_Supplied information_
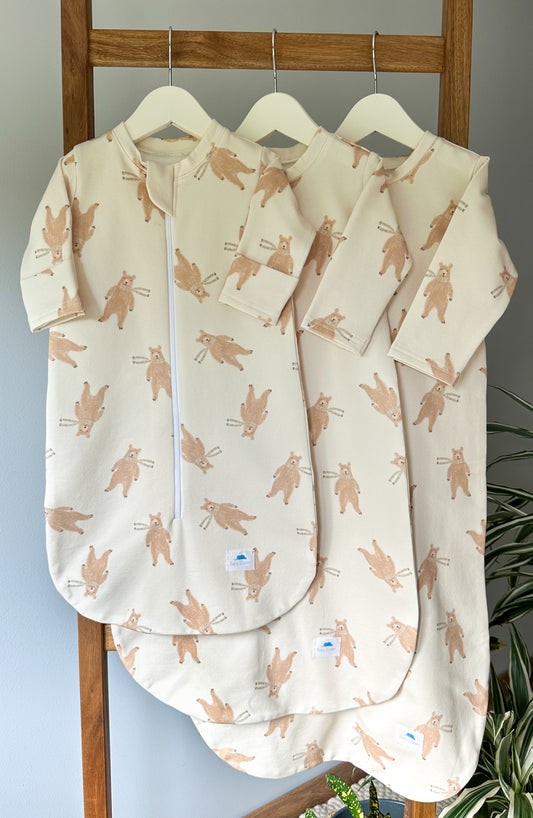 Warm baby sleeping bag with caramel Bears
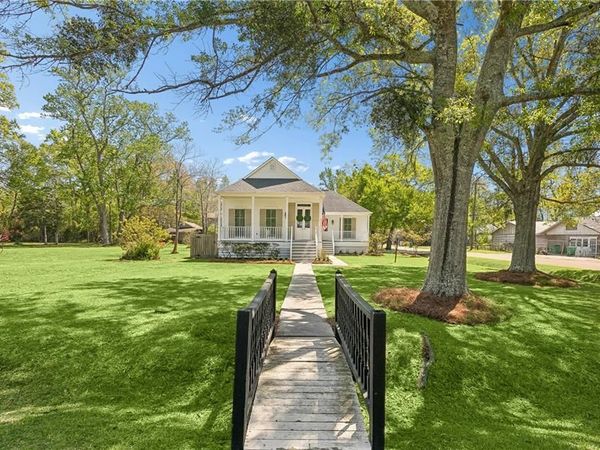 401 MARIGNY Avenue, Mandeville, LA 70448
--
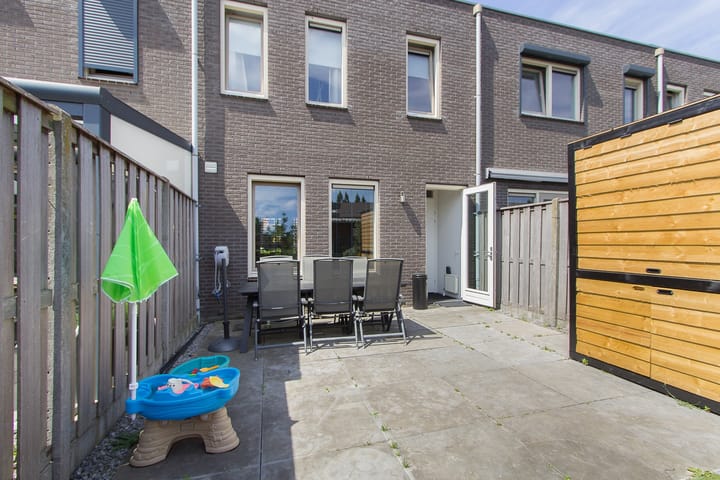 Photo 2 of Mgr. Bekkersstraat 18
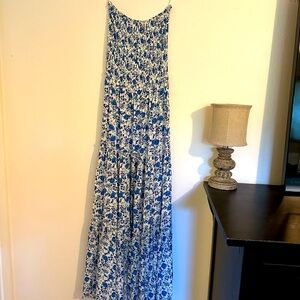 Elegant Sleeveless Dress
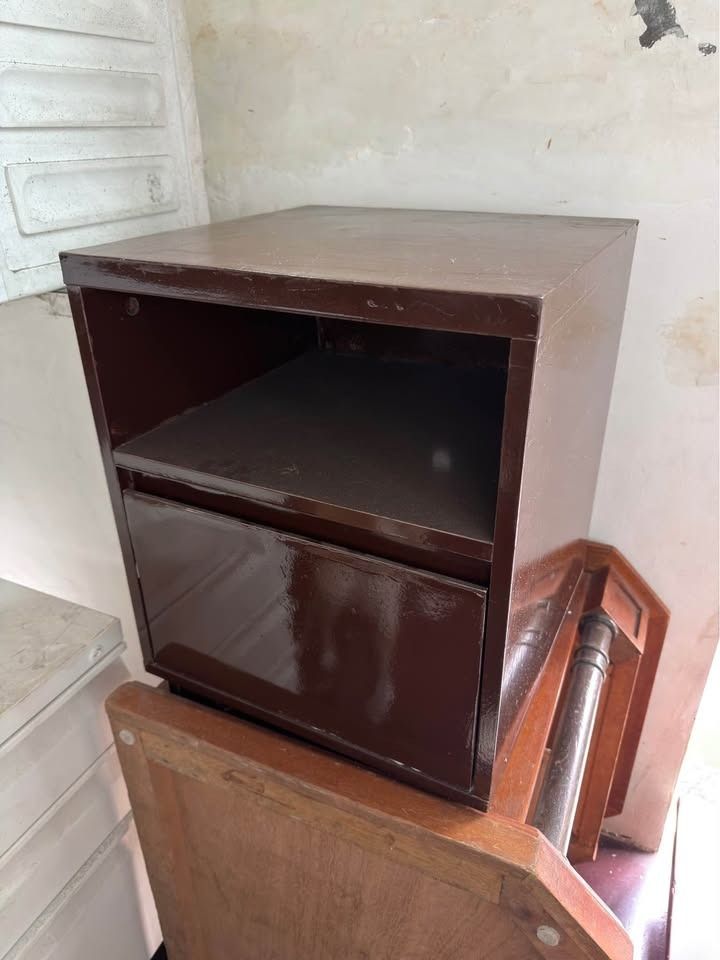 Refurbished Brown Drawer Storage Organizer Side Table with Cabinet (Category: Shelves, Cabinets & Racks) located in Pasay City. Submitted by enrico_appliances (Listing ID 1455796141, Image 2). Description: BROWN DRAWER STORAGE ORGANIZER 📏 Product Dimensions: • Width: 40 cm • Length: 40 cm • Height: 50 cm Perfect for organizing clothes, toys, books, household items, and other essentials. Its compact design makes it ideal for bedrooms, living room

_Exercise description_
Quote word for word only the lines above from the one containing "Photo 2 of Mgr. Bekkersstraat 18" through the one containing "Refurbished Brown Drawer". Pictures stay out of your copy.

_The completed task_
 Photo 2 of Mgr. Bekkersstraat 18
 Elegant Sleeveless Dress
 Refurbished Brown Drawer Storage Organizer Side Table with Cabinet (Category: Shelves, Cabinets & Racks) located in Pasay City. Submitted by enrico_appliances (Listing ID 1455796141, Image 2). Description: BROWN DRAWER STORAGE ORGANIZER 📏 Product Dimensions: • Width: 40 cm • Length: 40 cm • Height: 50 cm Perfect for organizing clothes, toys, books, household items, and other essentials. Its compact design makes it ideal for bedrooms, living room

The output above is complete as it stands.